### ASSIGNMENT:
Check each line of the listing below for the string "image", and copy the ones that have it.

### LISTED RECORDS:
Content starts
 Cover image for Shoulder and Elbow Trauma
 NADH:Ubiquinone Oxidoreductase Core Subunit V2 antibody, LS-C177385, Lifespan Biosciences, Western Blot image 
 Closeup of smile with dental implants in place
Content ends
Content starts
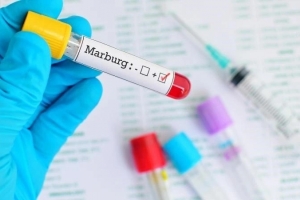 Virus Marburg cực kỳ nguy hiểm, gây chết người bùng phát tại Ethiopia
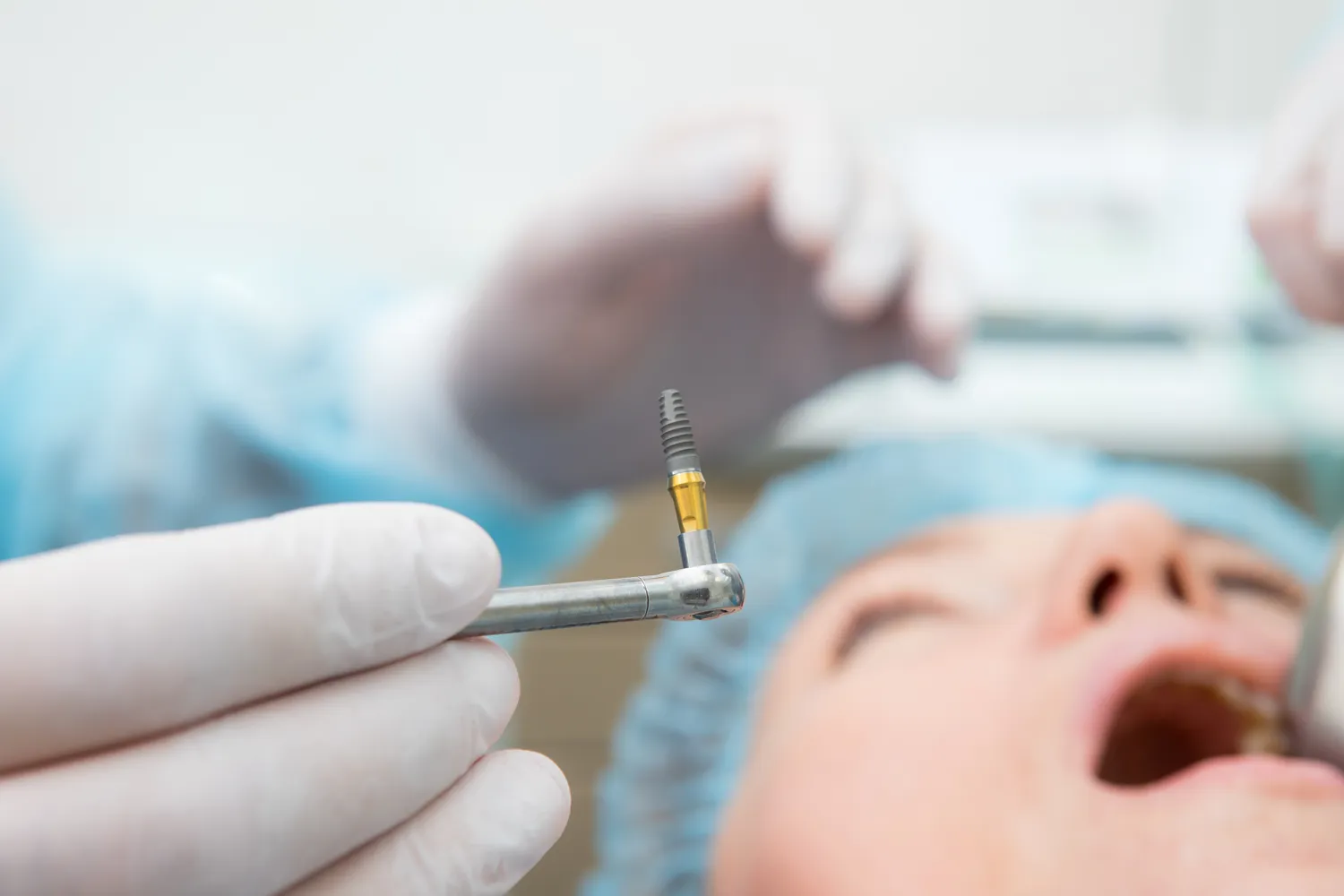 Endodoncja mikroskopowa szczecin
Content ends
Content starts
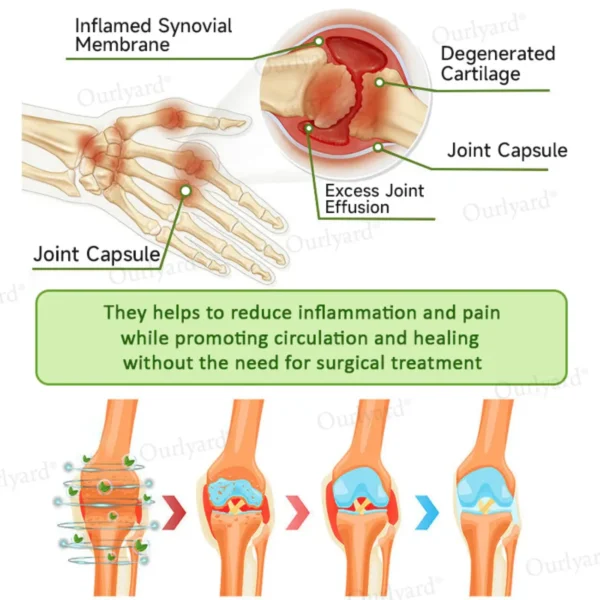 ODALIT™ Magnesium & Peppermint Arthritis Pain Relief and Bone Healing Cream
Content ends
### TASK ANSWER:
 Cover image for Shoulder and Elbow Trauma
 NADH:Ubiquinone Oxidoreductase Core Subunit V2 antibody, LS-C177385, Lifespan Biosciences, Western Blot image 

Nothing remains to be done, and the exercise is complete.